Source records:
____

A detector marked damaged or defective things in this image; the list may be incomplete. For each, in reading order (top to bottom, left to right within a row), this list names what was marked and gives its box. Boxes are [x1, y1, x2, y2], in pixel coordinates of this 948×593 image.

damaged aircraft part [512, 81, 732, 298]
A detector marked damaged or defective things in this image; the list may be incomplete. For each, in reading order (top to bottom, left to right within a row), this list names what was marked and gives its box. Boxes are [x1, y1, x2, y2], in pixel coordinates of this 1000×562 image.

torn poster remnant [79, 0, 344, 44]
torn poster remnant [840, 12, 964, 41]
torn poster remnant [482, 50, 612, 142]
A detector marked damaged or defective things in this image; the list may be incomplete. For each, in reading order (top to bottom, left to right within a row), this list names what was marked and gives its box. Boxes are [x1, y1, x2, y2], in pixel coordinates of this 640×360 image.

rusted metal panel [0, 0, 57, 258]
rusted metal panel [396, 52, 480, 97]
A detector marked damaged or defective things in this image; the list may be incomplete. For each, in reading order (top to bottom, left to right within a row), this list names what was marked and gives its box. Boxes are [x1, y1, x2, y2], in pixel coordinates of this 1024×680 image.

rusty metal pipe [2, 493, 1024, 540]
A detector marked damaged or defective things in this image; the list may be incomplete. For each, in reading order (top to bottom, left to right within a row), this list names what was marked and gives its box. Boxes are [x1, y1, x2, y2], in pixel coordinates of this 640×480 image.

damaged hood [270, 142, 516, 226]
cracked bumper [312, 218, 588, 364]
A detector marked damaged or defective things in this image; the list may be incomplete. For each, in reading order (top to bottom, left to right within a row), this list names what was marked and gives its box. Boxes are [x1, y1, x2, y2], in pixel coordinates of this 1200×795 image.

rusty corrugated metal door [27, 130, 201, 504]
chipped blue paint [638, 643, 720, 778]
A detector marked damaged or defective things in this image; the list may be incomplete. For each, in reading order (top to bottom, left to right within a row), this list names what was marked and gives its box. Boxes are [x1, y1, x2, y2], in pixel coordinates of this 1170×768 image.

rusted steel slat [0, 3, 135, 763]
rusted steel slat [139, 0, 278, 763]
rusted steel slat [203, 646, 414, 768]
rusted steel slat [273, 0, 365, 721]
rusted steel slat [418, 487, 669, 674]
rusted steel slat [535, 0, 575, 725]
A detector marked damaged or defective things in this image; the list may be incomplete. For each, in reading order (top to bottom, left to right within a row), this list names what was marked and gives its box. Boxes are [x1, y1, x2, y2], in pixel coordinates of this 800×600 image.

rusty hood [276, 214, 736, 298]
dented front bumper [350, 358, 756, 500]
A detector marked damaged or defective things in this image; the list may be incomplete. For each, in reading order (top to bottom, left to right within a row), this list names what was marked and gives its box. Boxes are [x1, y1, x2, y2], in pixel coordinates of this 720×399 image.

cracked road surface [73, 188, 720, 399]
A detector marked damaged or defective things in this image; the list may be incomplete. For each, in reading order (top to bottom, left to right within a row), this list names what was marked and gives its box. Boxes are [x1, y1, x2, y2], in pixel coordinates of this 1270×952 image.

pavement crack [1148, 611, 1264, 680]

____

Task instructions: Please print exactly the lines of the entries above, beginning with the line that contains "this 1270×952 image." and ending with the last line.

Problem solution:
A detector marked damaged or defective things in this image; the list may be incomplete. For each, in reading order (top to bottom, left to right within a row), this list names what was marked and gives its box. Boxes are [x1, y1, x2, y2], in pixel coordinates of this 1270×952 image.

pavement crack [1148, 611, 1264, 680]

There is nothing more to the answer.